What happens if ecx = 0 to start with? Does loop jump or fall-through in that case?

Questioner
Hannah Duncan
Viewed
0
Peter Cordes 2019-10-10 04:39:59

loop is exactly like dec ecx / jnz, except it doesn't set flags.

It's like the bottom of a do{} while(--ecx != 0); in C. If execution enters the loop with ecx = 0, wrap-around means the loop will run 2^32 times. (Or 2^64 times in 64-bit mode, because it uses RCX).

Unlike rep movsb/stosb/etc., it doesn't check for ECX=0 before decrementing, only after.

The address-size determines whether it uses CX, ECX, or RCX. So in 64-bit code, addr32 loop is like dec ecx / jnz, while a regular loop is like dec rcx / jnz. Or in 16-bit code, it normally uses CX, but an address-size prefix (0x67) will make it use ecx. As Intel's manual says, it ignores REX.W, because that sets the operand-size, not the address-size.

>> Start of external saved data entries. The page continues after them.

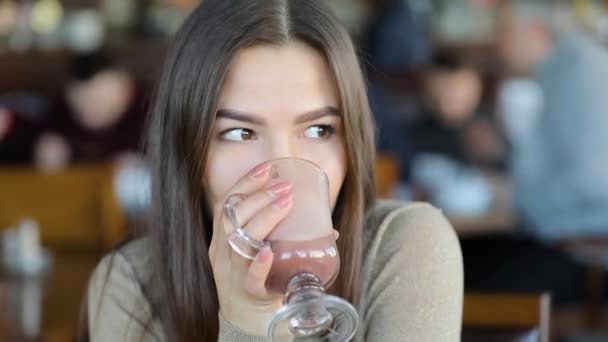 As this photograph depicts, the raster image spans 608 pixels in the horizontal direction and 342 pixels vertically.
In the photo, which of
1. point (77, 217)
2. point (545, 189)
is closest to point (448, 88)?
point (545, 189)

Related: Why are loops always compiled into "do...while" style (tail jump)? for more about loop structure in asm, while(){} vs. do{}while() and how to lay them out.


Extra debugging tips

If you ever want to know the details on an instruction, check the manual: either Intel's official vol.2 PDF instruction set reference manual, or an html extract with each entry on a different page (http://felixcloutier.com/x86/). But note that the HTML leaves out the intro and appendices that have details on how to interpret stuff, like when it says "flags are set according to the result" for instructions like add.

And you can (and should) also just try stuff in a debugger: single-step and watch registers change. Use a smaller starting value for ecx so you get to the interesting ecx=1 part sooner. See also the x86 tag wiki for links to manuals, guides, and asm debugging tips at the bottom.

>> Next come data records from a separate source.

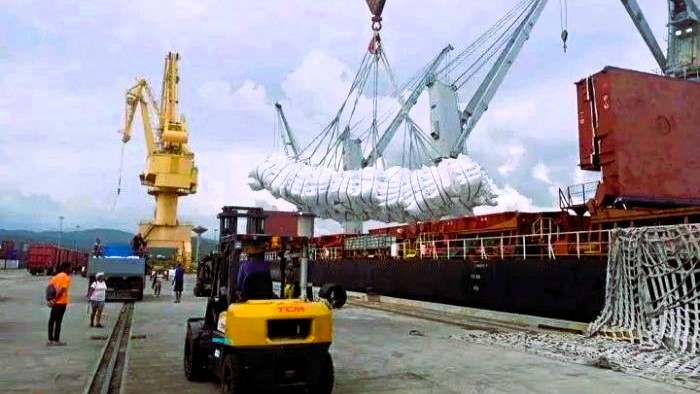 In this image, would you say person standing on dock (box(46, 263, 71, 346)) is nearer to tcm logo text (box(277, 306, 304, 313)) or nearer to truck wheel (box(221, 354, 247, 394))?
truck wheel (box(221, 354, 247, 394))

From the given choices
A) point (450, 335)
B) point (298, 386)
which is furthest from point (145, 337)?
point (298, 386)

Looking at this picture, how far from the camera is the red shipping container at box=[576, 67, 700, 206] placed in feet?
53.3

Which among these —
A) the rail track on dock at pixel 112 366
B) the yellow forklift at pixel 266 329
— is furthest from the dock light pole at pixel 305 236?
the rail track on dock at pixel 112 366

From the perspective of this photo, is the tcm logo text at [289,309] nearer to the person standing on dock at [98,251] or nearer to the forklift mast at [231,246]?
the forklift mast at [231,246]

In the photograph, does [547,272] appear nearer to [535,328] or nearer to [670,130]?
[535,328]

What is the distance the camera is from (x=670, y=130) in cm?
1723

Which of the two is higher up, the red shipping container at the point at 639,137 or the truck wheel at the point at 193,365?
the red shipping container at the point at 639,137

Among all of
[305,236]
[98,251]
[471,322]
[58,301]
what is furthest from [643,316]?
[98,251]

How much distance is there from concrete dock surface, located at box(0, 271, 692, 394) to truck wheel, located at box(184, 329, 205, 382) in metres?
0.13

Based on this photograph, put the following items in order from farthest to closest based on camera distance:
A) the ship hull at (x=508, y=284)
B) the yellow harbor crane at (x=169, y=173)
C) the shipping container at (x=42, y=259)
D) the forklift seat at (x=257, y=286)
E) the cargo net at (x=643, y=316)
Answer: the yellow harbor crane at (x=169, y=173) → the shipping container at (x=42, y=259) → the ship hull at (x=508, y=284) → the cargo net at (x=643, y=316) → the forklift seat at (x=257, y=286)

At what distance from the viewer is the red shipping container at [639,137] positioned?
1623 cm

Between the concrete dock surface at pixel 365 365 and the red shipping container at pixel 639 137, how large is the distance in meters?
6.01

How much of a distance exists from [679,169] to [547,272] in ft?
15.2

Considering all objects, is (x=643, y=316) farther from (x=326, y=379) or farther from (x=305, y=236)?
(x=305, y=236)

And BTW, if the instructions inside the loop that aren't shown modify ecx, it could loop any number of times. For the question to have a simple and unique answer, you need a guarantee that the instructions between the label and the loop instruction don't modify ecx. (They could save/restore it, but if you're going to do that it's usually better to just use a different register as the loop counter. push/pop inside a loop makes your code hard to read.)


Rant about over-use of LOOP even when you already need to increment something else in the loop. LOOP isn't the only way to loop, and usually it's the worst.

You should normally never use the loop instruction unless optimizing for code-size at the expense of speed, because it's slow. Compilers don't use it. (So CPU vendors don't bother to make it fast; catch 22.) Use dec / jnz, or an entirely different loop condition. (See also http://agner.org/optimize/ to learn more about what's efficient.)

Loops don't even have to use a counter; it's often just as good if not better to compare a pointer to an end address, or to check for some other condition. (Pointless use of loop is one of my pet peeves, especially when you already have something in another register that would work as a loop counter.) Use cx as a loop counter often just ties up one of your precious few registers when you could have used cmp/jcc on another register you were incrementing anyway.

IMO, loop should be considered one of those obscure x86 instructions that beginners shouldn't be distracted with. Like stosd (without a rep prefix), aam or xlatb. It does have real uses when optimizing for code size, though. (That's sometimes useful in real life for machine code (like for boot sectors), not just for stuff like code golf.)

IMO, just teach / learn how conditional branches work, and how to make loops out of them. Then you won't get stuck into thinking there's something special about a loop that uses loop. I've seen an SO question or comment that said something like "I thought you had to declare loops", and didn't realize that loop was just an instruction.

</rant>. Like I said, loop is one of my pet peeves. It's an obscure code-golfing instruction, unless you're optimizing for an actual 8086.